Assignment =>
Write out the entries exactly, pictures excluded.

------ Data supplied ------

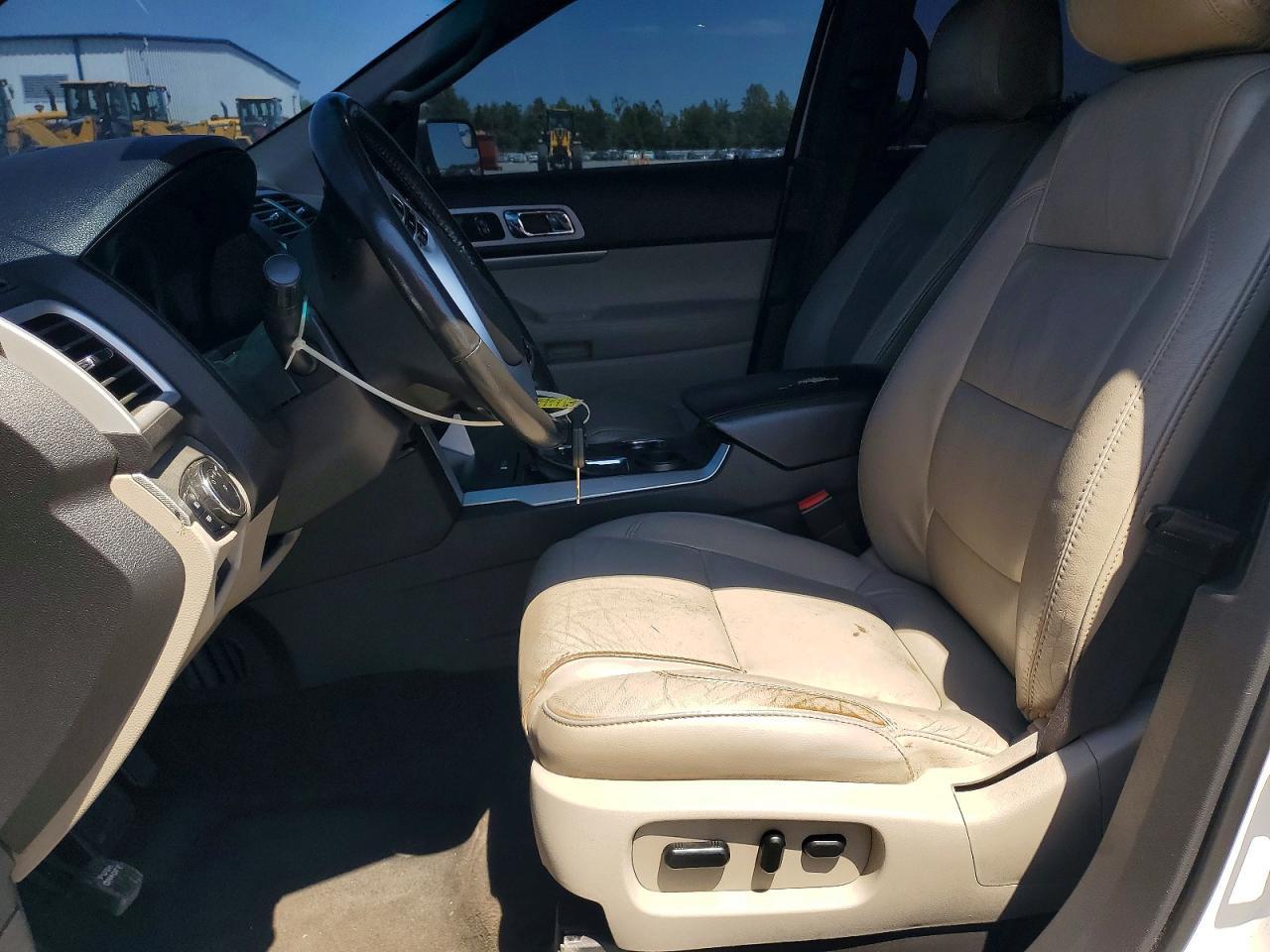 2012 Ford Explorer Xlt - Фото 7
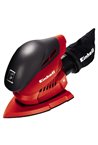 Шліфмашина ексцентрикова Einhell TE-RS 40 E
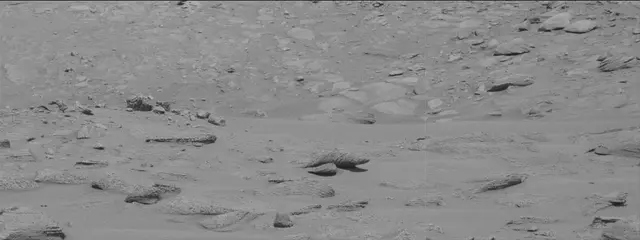 Sol 3822: Mast Camera (Mastcam)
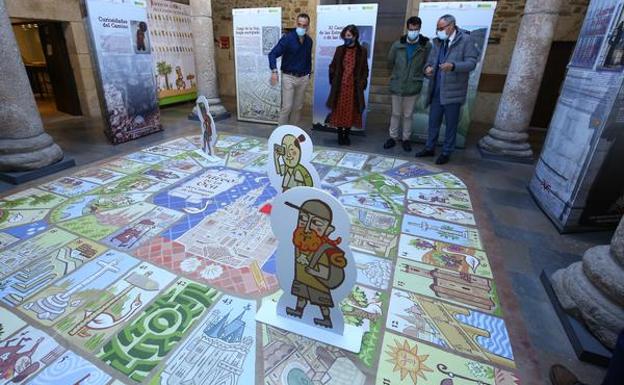 El Museo del Bierzo abre sus puertas al Camino de Santiago como «fuente inagotable de conocimiento»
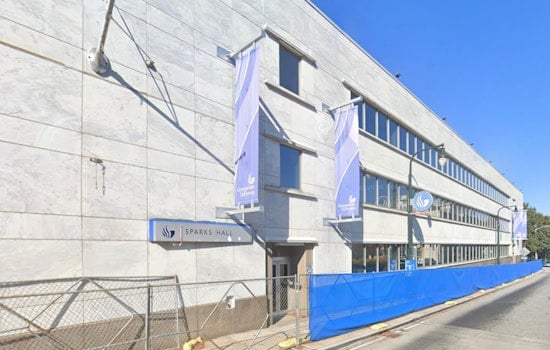 Sparks Hall Sent Packing As Georgia State Carves New Greenway Through Downtown
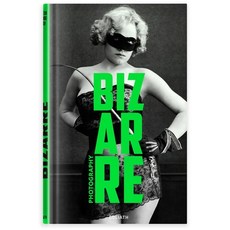 (英文圖書) Photography Bizarre: English Edition: Lustful & Bizarre Photography 精裝版, Goliath Publishing, 英文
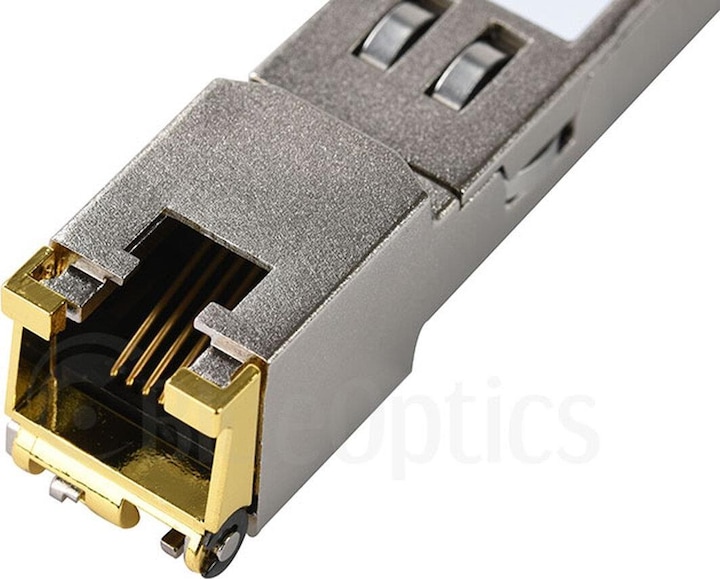 Produktbild CBO Fujitsu S26361-F3986-L1 kompatibler BlueOptics SFP BO08C28S1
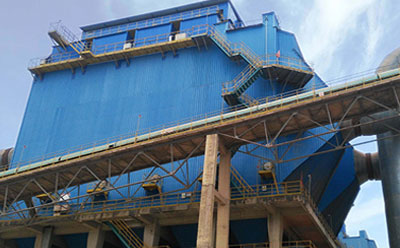 辽宁电袋复合除尘器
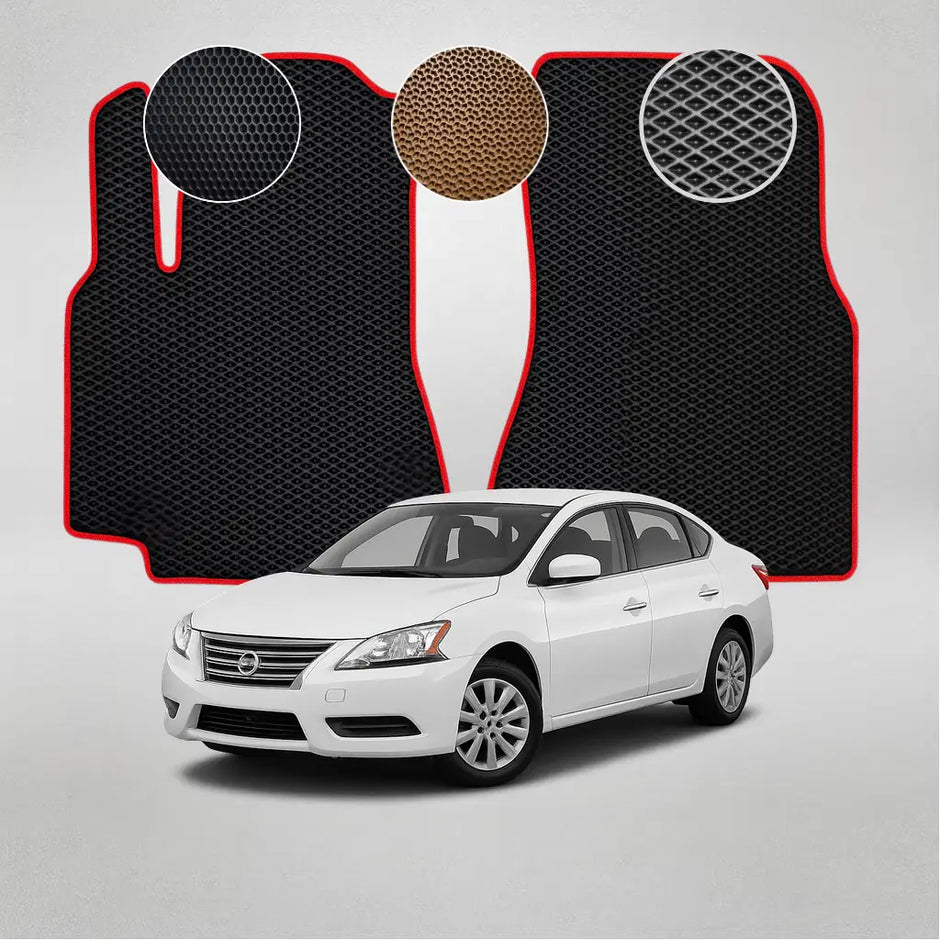 EVA Dywaniki do Nissan Sentra B17 7 gen Sedan (2014–2017)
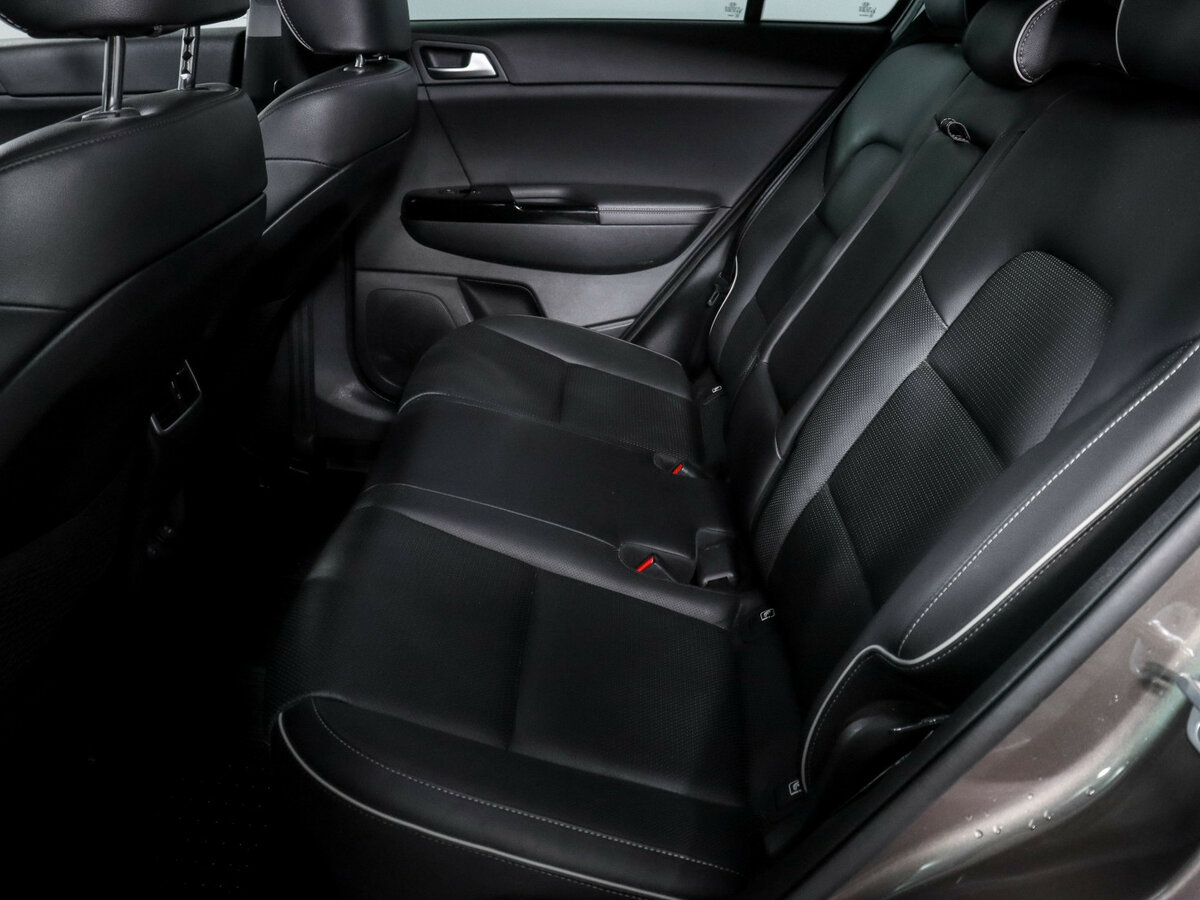 Продажа Б/У Киа Спортейдж. Фото: #7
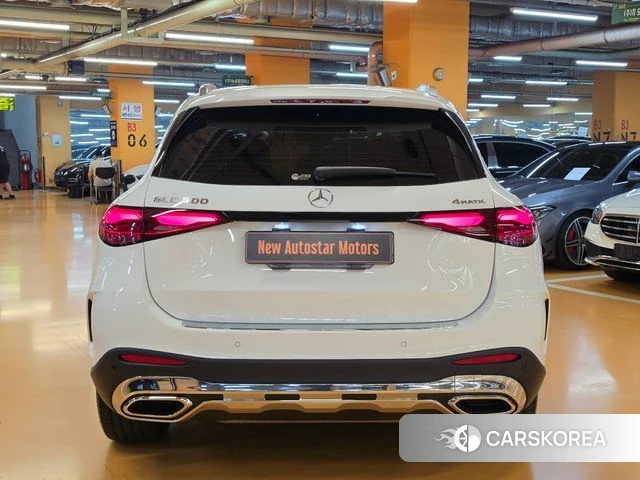 Mercedes-Benz GLC-Class X254 id 4539881 из Кореи 14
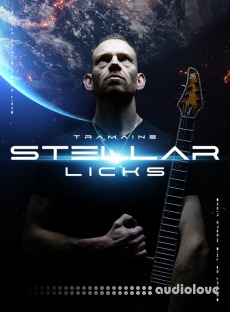 JTC Guitar Tramaine Stellar Licks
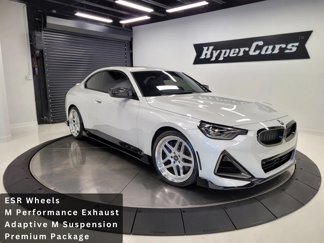 Used 2023 BMW M240i Coupe image 1
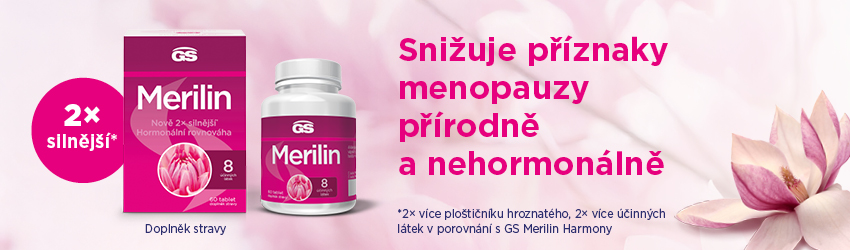 Obrázek GS Merilin original 60 tablet (6)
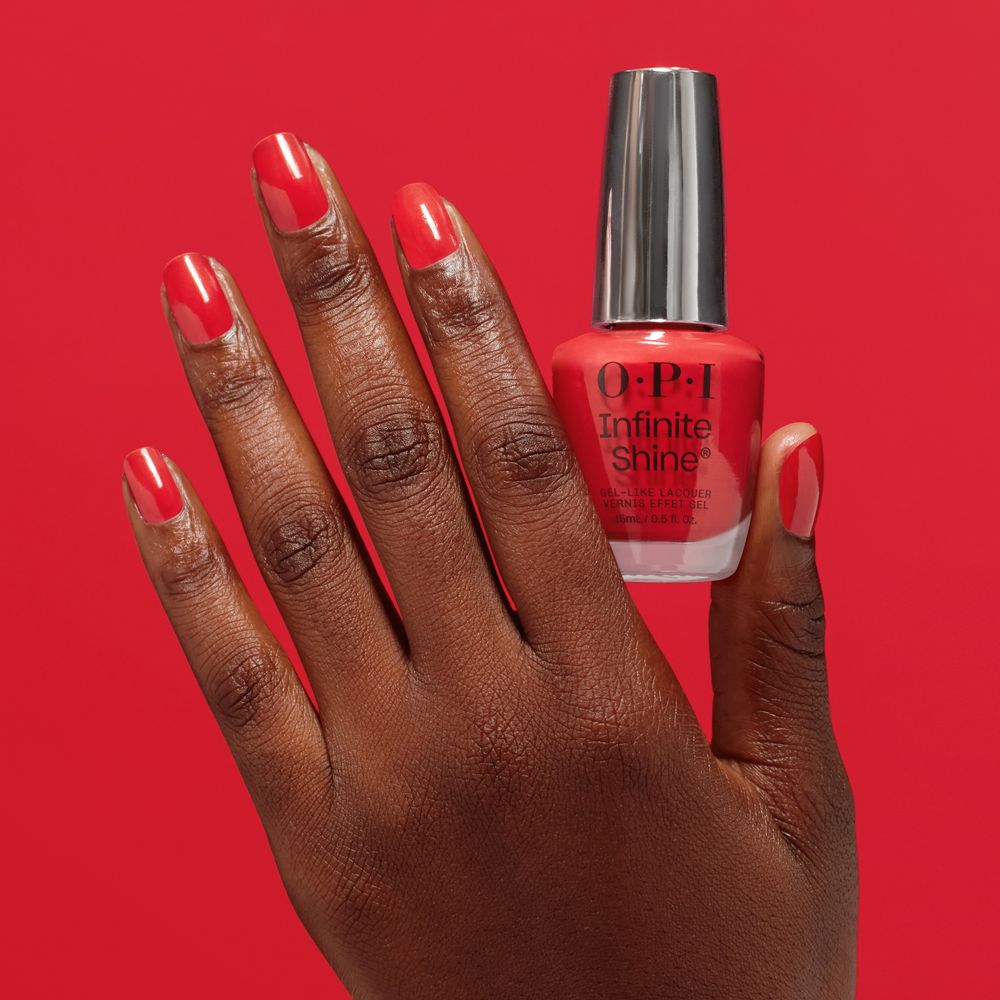 OPI Infinite Shine 15 ml - ISLE41 - Pieds nus à Barcelone 15 ml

------

Answer =>
 2012 Ford Explorer Xlt - Фото 7
 Шліфмашина ексцентрикова Einhell TE-RS 40 E
 Sol 3822: Mast Camera (Mastcam)
 El Museo del Bierzo abre sus puertas al Camino de Santiago como «fuente inagotable de conocimiento»
 Sparks Hall Sent Packing As Georgia State Carves New Greenway Through Downtown
 (英文圖書) Photography Bizarre: English Edition: Lustful & Bizarre Photography 精裝版, Goliath Publishing, 英文
 Produktbild CBO Fujitsu S26361-F3986-L1 kompatibler BlueOptics SFP BO08C28S1
 辽宁电袋复合除尘器
 EVA Dywaniki do Nissan Sentra B17 7 gen Sedan (2014–2017)
 Продажа Б/У Киа Спортейдж. Фото: #7
 Mercedes-Benz GLC-Class X254 id 4539881 из Кореи 14
 JTC Guitar Tramaine Stellar Licks
 Used 2023 BMW M240i Coupe image 1
 Obrázek GS Merilin original 60 tablet (6)
 OPI Infinite Shine 15 ml - ISLE41 - Pieds nus à Barcelone 15 ml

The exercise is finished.